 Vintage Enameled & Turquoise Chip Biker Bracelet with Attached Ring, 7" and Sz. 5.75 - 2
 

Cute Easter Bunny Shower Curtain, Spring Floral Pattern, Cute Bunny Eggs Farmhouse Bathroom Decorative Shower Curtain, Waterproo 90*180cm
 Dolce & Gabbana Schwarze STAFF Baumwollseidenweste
...
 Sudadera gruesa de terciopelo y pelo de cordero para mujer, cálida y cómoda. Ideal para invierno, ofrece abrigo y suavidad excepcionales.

■ DIRECTIONS FOR THIS TASK ■
Using only the entries above, output the line with "Vintage Enameled &", the line with "Dolce & Gabbana", and all lines between them, exactly as they stand.

■ SOLUTION TO THE EXERCISE ■
 Vintage Enameled & Turquoise Chip Biker Bracelet with Attached Ring, 7" and Sz. 5.75 - 2
 

Cute Easter Bunny Shower Curtain, Spring Floral Pattern, Cute Bunny Eggs Farmhouse Bathroom Decorative Shower Curtain, Waterproo 90*180cm
 Dolce & Gabbana Schwarze STAFF Baumwollseidenweste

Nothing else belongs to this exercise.